I can be too rigid around these identities. If I’m not writing, I’m not a writer. Not helpful. Life is much more interesting and complicated than that. I write in my notebook every day. I cook meals for myself and my family every day. I manage a software team in a full-time job. It’s not like in those Richard Scarry books about what adults do all day. We are not the jobs we do, and I can’t believe I need to remind myself of the trap, but it’s been in the back of my mind most of my life.
We can be everything we want to be, perhaps swimming more in the shallows than getting out into the deep water for most things, and for me, that is a healthy space to be creatively.
I know why I beat myself up over the writing for so long. It took the reality of being published (Nobody cares! There’s no money for writers! It’s a racket for the publishing industry!) and then my father slowly dying to break the narrative in my head.
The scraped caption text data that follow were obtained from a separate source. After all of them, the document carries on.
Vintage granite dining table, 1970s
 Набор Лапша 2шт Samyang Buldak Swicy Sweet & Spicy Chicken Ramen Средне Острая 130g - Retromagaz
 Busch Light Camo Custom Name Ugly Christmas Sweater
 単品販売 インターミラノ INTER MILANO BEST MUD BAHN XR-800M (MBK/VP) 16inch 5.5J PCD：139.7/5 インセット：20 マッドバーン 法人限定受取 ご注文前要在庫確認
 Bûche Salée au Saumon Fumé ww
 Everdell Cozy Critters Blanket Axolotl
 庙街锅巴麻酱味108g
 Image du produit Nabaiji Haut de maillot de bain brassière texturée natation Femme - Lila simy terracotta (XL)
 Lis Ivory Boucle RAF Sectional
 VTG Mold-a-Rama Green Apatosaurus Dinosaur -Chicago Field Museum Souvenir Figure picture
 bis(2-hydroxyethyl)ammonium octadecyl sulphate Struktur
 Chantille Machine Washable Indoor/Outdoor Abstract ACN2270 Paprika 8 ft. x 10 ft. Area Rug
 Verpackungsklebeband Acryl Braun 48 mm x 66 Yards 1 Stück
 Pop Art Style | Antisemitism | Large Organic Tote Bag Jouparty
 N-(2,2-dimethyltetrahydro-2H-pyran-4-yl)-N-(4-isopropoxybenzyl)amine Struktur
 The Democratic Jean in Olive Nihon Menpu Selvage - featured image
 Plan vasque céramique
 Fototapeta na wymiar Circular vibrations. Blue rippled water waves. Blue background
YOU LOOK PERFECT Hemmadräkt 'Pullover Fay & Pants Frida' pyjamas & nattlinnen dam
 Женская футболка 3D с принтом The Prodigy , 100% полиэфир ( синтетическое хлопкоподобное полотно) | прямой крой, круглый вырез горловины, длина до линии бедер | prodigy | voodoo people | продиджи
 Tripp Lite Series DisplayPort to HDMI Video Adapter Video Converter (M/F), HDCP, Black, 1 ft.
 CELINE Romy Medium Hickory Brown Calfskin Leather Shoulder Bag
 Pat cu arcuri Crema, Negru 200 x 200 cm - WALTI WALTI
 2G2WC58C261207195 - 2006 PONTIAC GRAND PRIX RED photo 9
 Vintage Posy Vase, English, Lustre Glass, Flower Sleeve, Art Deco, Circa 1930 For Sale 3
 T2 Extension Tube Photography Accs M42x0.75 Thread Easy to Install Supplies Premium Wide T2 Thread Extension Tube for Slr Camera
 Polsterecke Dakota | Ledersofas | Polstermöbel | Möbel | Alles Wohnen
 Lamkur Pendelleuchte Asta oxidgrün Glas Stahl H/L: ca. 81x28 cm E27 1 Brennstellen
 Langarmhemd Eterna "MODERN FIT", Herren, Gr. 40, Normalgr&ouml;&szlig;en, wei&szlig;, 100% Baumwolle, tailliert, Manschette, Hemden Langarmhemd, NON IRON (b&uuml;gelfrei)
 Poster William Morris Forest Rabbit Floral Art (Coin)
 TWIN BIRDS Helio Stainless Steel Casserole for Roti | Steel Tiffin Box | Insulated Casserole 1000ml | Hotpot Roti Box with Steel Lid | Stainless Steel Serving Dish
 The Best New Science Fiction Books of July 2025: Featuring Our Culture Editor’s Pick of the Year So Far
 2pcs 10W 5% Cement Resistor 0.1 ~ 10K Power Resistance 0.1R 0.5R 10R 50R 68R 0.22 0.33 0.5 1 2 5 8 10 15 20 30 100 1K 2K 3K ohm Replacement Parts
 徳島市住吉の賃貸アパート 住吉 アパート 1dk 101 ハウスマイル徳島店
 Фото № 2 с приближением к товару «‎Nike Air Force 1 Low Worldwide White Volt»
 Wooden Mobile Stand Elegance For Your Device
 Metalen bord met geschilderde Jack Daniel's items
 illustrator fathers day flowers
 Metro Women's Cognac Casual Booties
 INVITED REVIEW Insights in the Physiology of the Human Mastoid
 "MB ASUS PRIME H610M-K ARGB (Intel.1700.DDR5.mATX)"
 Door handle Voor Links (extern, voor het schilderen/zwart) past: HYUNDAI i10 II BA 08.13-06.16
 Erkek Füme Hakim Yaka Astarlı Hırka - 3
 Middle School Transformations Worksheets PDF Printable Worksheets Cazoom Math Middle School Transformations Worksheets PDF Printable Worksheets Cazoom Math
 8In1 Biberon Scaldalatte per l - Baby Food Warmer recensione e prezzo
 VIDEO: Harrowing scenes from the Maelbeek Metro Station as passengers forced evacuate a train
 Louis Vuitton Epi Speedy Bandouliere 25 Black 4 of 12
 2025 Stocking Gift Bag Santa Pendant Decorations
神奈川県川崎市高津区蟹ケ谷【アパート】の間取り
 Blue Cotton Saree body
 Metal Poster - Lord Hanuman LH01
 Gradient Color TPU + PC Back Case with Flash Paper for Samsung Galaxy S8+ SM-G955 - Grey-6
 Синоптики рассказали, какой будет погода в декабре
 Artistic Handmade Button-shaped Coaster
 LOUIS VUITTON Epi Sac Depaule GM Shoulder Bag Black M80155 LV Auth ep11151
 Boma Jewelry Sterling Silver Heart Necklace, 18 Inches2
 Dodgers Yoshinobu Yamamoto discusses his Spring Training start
We can only do one thing at a time and there’s a cost to switching. That’s true. We are also complex beings that thrive on making connections between things. A meal I make might find its way into a story I’m writing. While practicing guitar, a solution to a coding problem might pop into my head.
Intuition doesn’t care what you’re doing. It connects. When I put down fixed ideas of success and pay attention in all areas of my life, everything becomes easier. The internal drama dissolves. I feel calmer, the whole is clearer, and everything is more meaningful and fun.